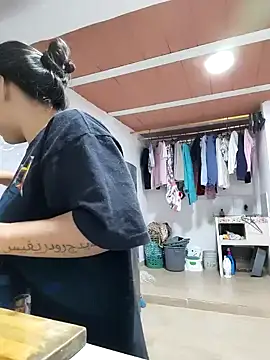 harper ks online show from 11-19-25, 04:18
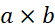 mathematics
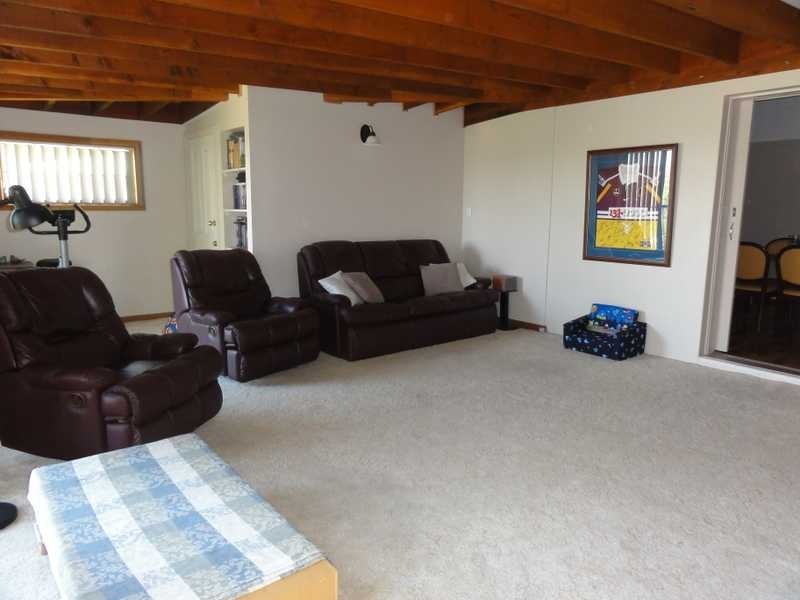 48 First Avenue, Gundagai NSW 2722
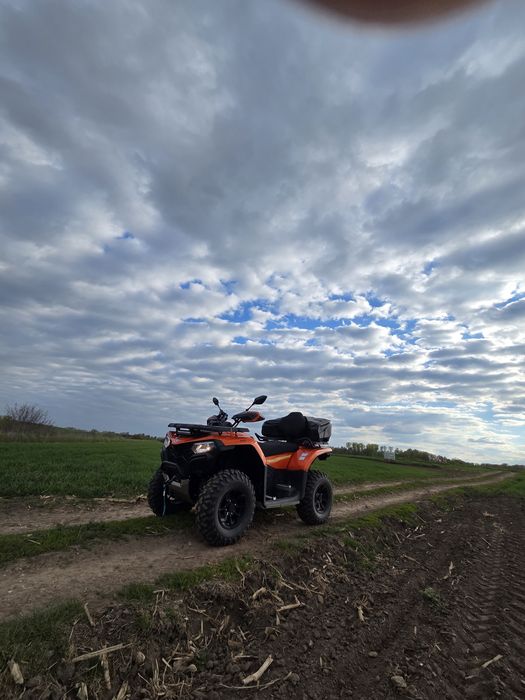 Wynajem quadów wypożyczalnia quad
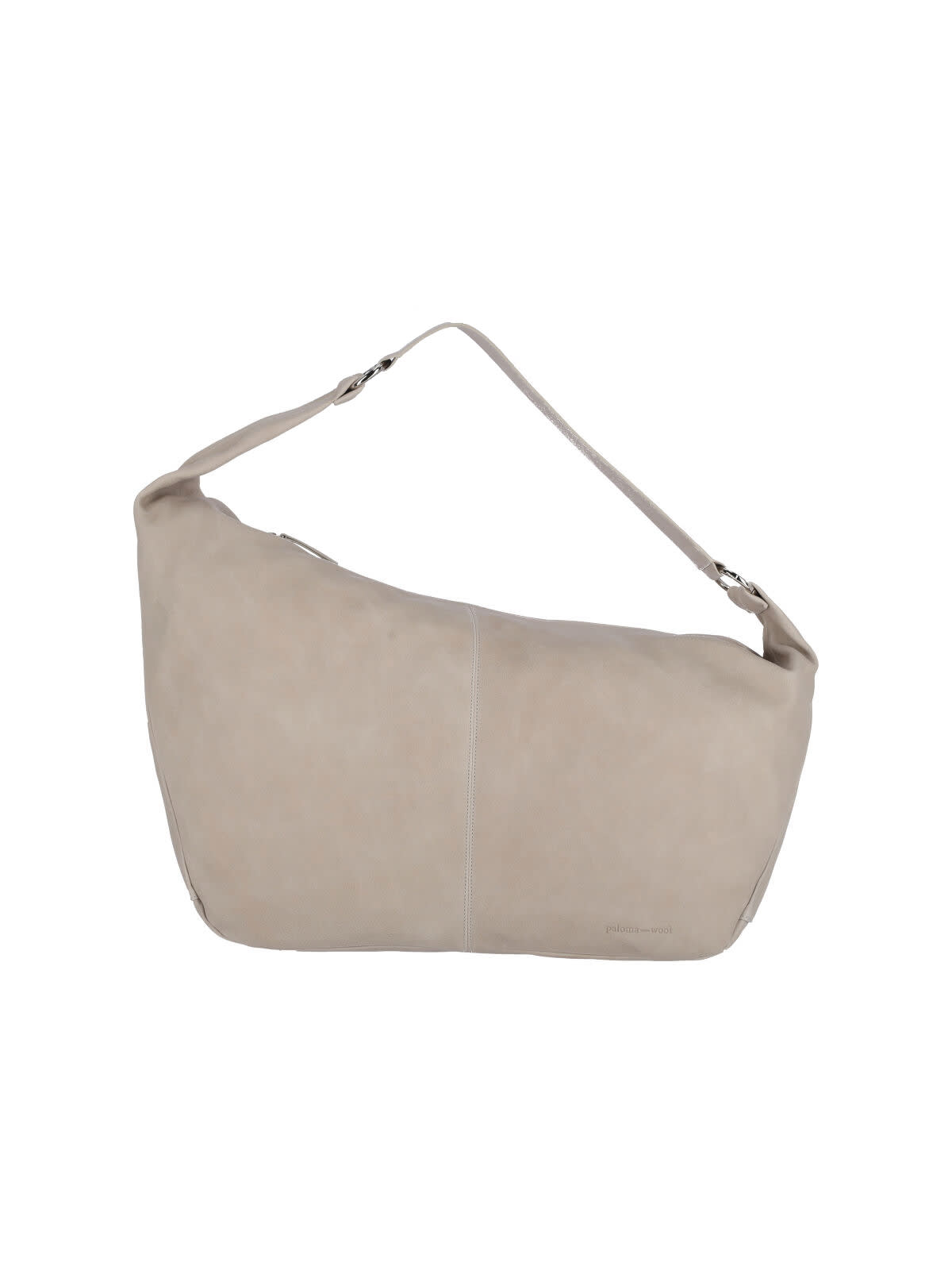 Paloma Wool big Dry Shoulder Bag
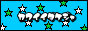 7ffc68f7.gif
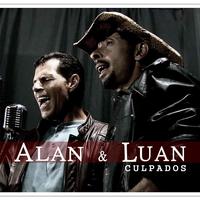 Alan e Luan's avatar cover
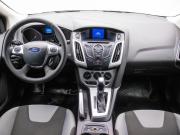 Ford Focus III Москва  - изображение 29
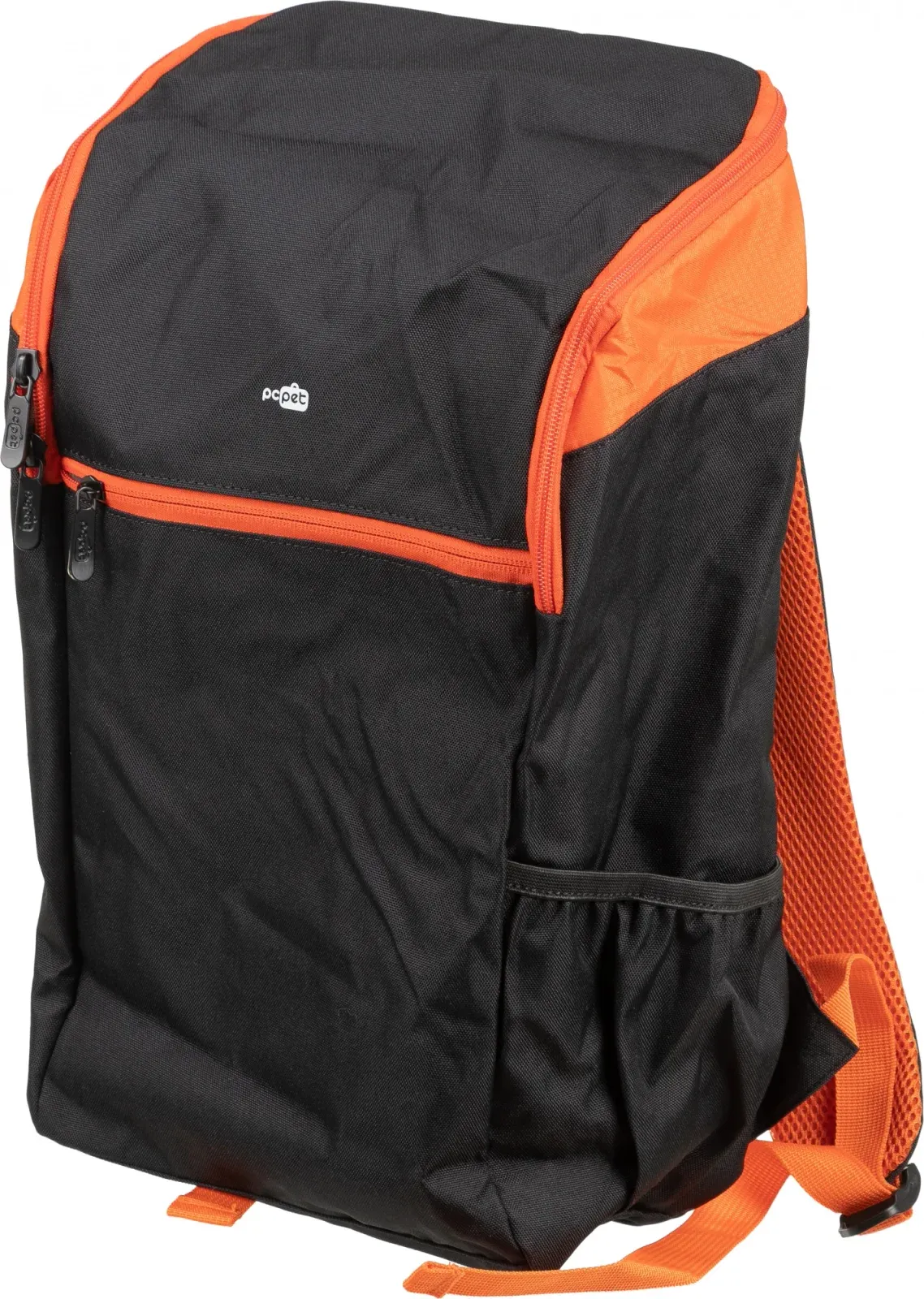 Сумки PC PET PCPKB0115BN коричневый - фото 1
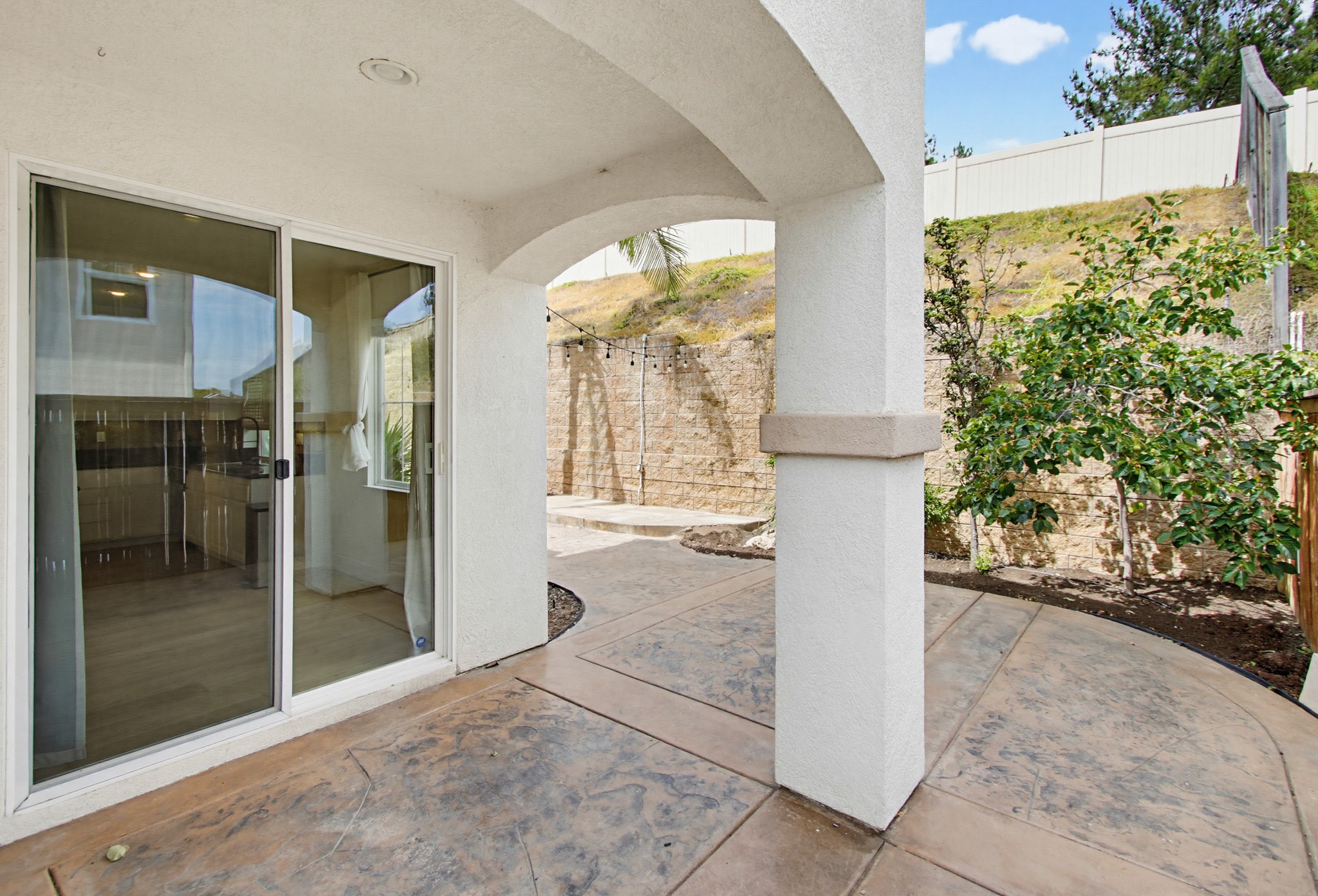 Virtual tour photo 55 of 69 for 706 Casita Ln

* * *

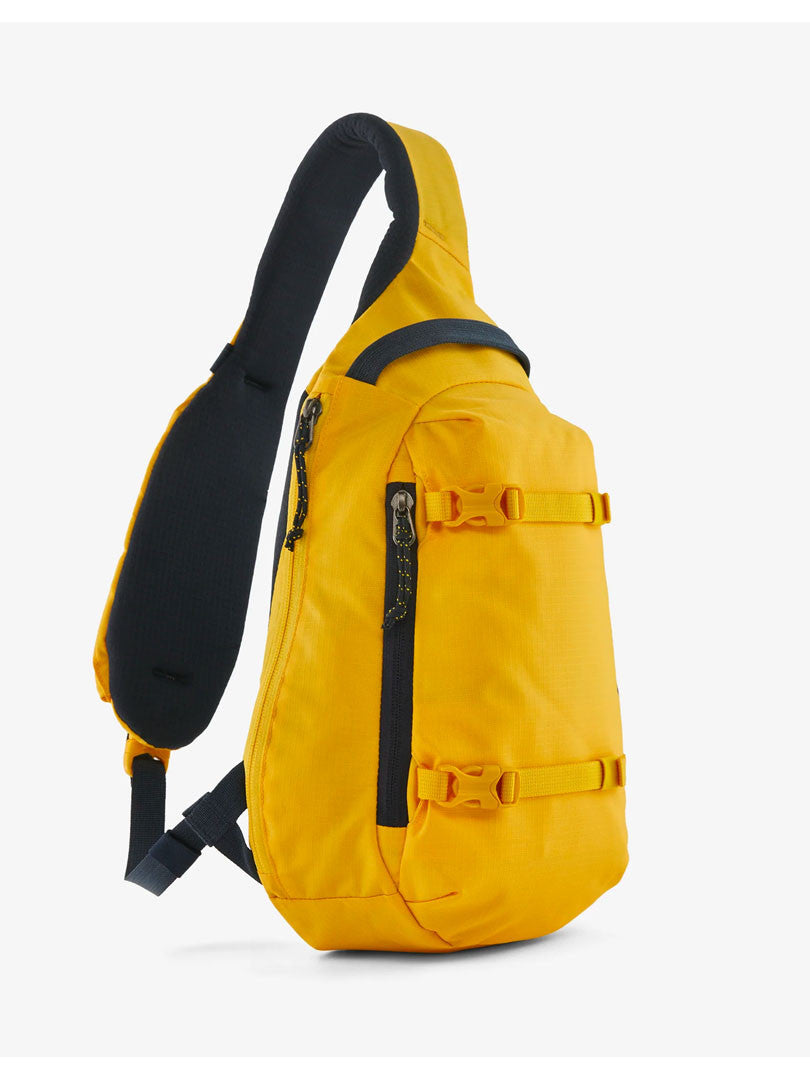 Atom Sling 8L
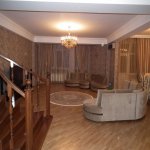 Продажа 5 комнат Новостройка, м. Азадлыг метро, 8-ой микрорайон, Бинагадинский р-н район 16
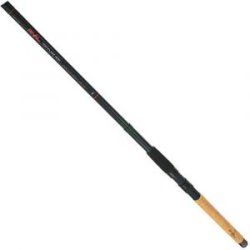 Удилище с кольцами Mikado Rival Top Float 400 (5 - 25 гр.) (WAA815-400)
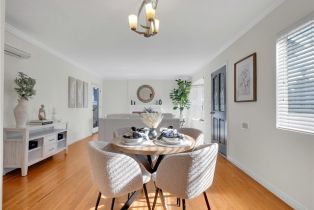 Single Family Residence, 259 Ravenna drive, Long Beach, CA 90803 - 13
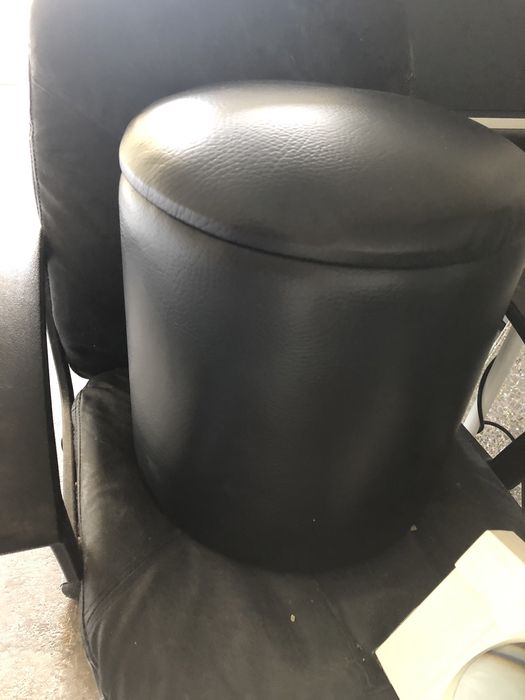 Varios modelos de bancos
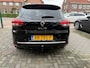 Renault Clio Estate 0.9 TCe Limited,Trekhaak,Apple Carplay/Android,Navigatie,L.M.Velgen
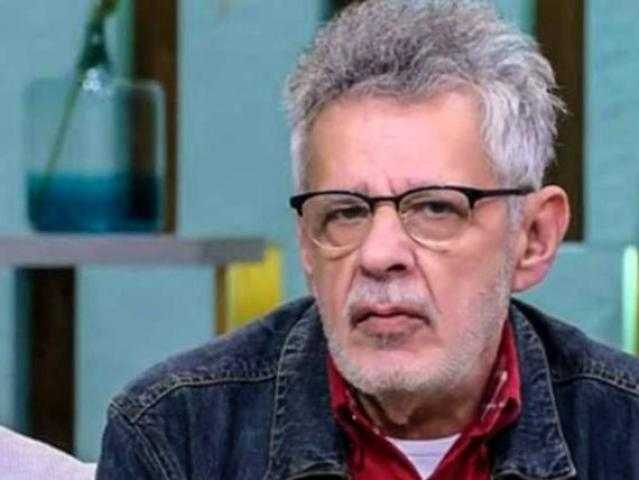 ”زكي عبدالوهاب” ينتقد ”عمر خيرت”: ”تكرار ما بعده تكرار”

» WORK TO BE COMPLETED: Using the data above, set down each line from the line with "harper ks online show from 11-19-25, 04:18" to the line with "Virtual tour photo" exactly, both ends included, and leave the pictures behind. Nothing else belongs.

» SOLUTION TO THE PROBLEM:
 harper ks online show from 11-19-25, 04:18
 mathematics
 48 First Avenue, Gundagai NSW 2722
 Wynajem quadów wypożyczalnia quad
 Paloma Wool big Dry Shoulder Bag
 7ffc68f7.gif
 Alan e Luan's avatar cover
 Ford Focus III Москва  - изображение 29
 Сумки PC PET PCPKB0115BN коричневый - фото 1
 Virtual tour photo 55 of 69 for 706 Casita Ln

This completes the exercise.